[Data items]
'''

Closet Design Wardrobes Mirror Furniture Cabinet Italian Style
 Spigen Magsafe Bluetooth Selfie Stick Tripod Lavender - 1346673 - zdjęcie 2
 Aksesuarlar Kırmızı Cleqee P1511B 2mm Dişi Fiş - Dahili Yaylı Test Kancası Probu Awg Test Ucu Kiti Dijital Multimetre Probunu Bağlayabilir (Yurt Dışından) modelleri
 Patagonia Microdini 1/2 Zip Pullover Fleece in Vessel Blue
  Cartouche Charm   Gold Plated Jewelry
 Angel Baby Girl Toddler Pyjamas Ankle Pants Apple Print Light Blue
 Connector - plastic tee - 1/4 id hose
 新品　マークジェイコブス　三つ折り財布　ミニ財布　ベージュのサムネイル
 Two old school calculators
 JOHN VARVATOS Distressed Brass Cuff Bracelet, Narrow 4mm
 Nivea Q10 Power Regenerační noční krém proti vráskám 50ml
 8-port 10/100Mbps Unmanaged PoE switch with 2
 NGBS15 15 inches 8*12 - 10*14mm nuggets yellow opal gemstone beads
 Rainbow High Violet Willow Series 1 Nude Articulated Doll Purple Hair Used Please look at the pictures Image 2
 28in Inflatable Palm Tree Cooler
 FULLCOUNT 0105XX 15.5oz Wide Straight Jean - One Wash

'''

What is expected
Using the records above, copy word for word the line with "Angel Baby Girl", the line with "JOHN VARVATOS Distressed", and every line between them.

Answer space
 Angel Baby Girl Toddler Pyjamas Ankle Pants Apple Print Light Blue
 Connector - plastic tee - 1/4 id hose
 新品　マークジェイコブス　三つ折り財布　ミニ財布　ベージュのサムネイル
 Two old school calculators
 JOHN VARVATOS Distressed Brass Cuff Bracelet, Narrow 4mm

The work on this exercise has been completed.